- WHAT NEEDS TO BE DONE: Transcribe nothing except the lines below that run from the one with "YaoDgFa Herren Weste" to the one with "Жіноча сукня міні", ends included, and do not copy any picture.

- THE RECORDS:
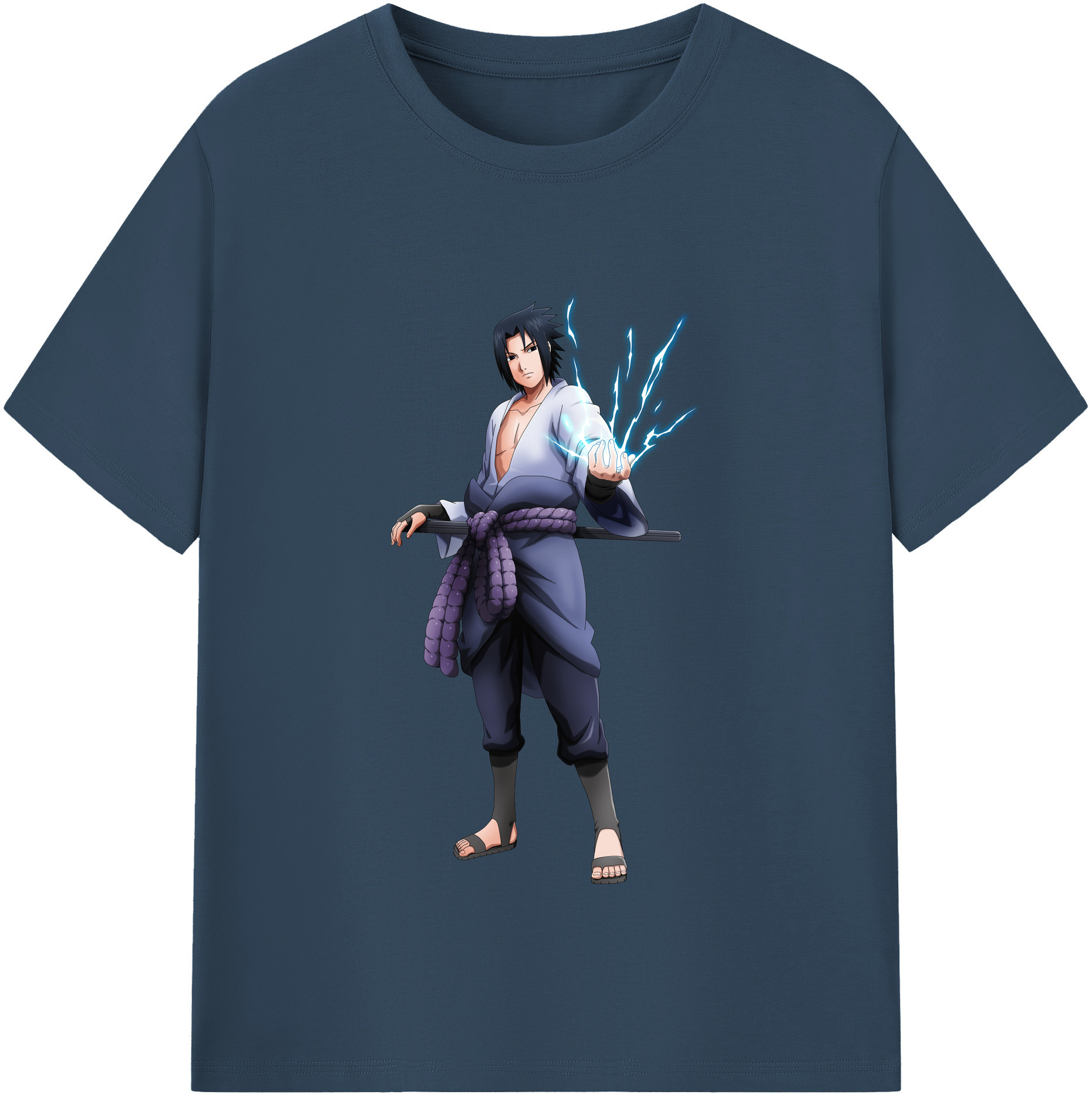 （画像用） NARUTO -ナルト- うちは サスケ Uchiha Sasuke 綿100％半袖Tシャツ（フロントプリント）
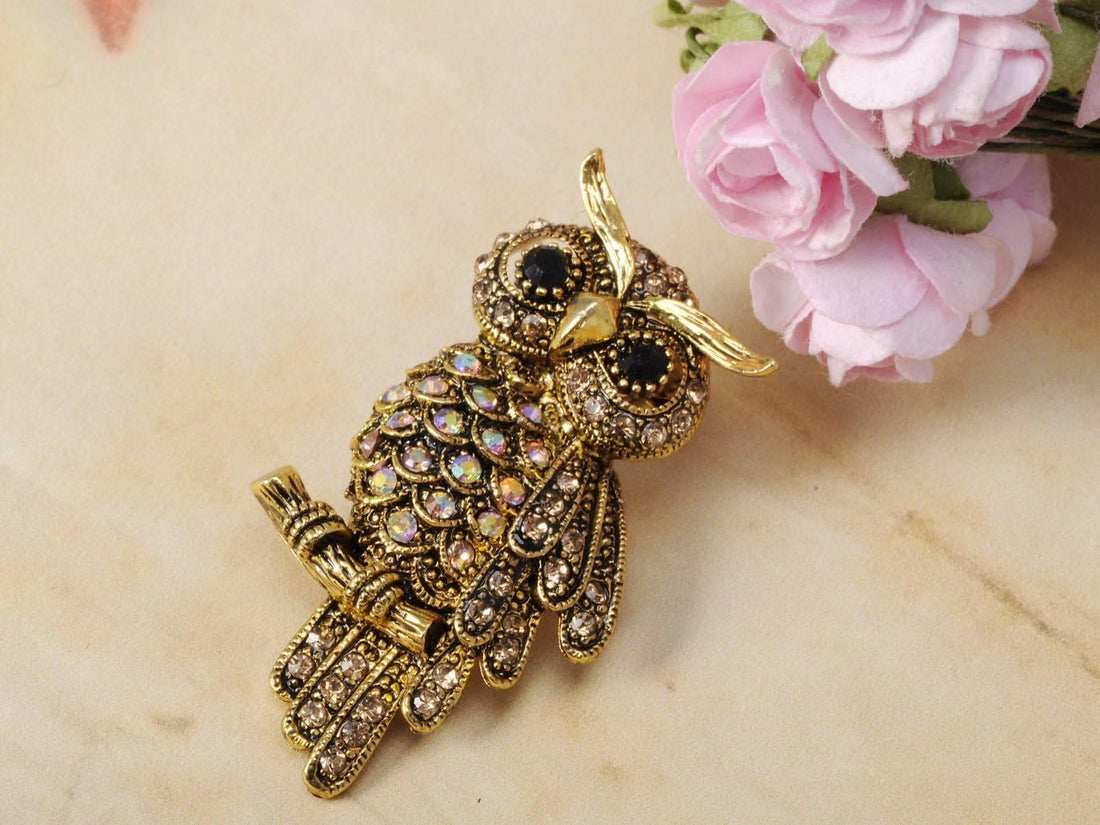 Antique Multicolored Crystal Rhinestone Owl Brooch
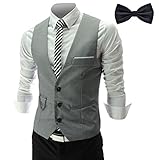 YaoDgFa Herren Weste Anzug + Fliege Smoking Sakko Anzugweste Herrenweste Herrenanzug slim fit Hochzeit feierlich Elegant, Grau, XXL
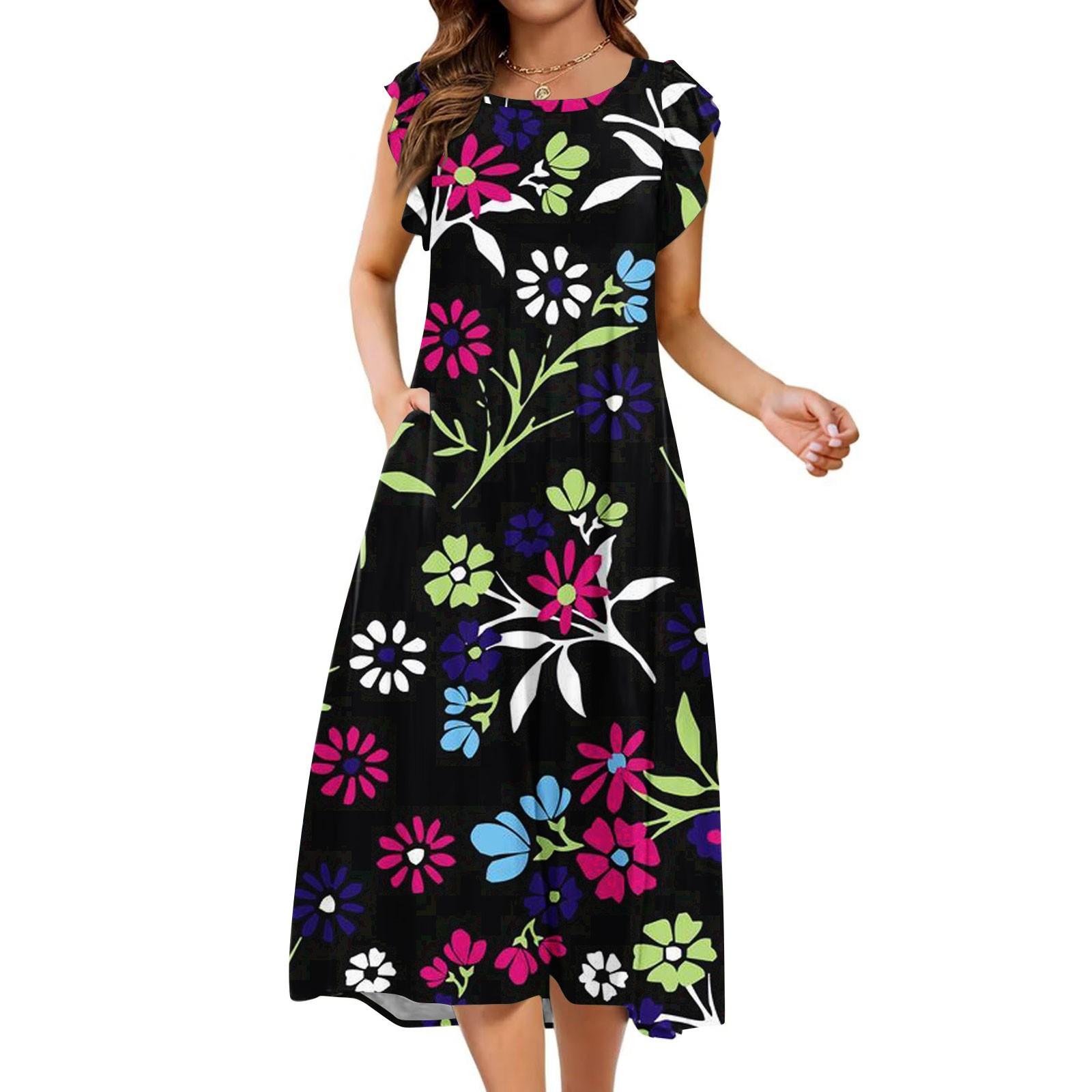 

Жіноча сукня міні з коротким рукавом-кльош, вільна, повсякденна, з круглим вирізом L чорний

--

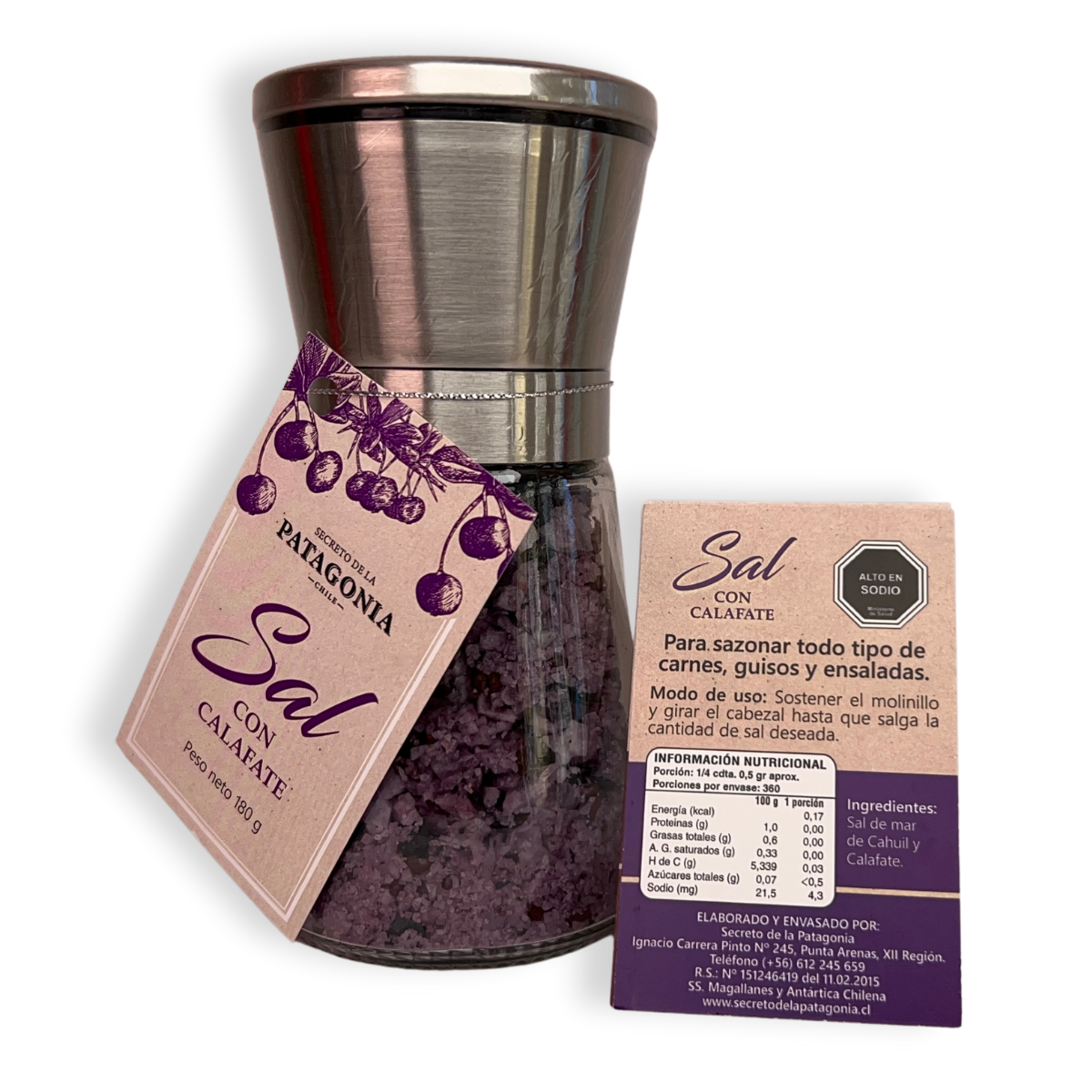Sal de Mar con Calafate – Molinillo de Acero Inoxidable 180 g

==

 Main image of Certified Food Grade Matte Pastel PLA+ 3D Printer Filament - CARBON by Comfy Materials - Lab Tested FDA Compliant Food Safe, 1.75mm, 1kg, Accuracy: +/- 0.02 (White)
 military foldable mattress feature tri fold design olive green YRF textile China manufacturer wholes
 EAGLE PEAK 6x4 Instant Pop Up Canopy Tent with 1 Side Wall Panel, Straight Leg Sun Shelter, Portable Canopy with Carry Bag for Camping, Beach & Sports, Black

- RESPONSE TO THIS TASK:
 YaoDgFa Herren Weste Anzug + Fliege Smoking Sakko Anzugweste Herrenweste Herrenanzug slim fit Hochzeit feierlich Elegant, Grau, XXL

Жіноча сукня міні з коротким рукавом-кльош, вільна, повсякденна, з круглим вирізом L чорний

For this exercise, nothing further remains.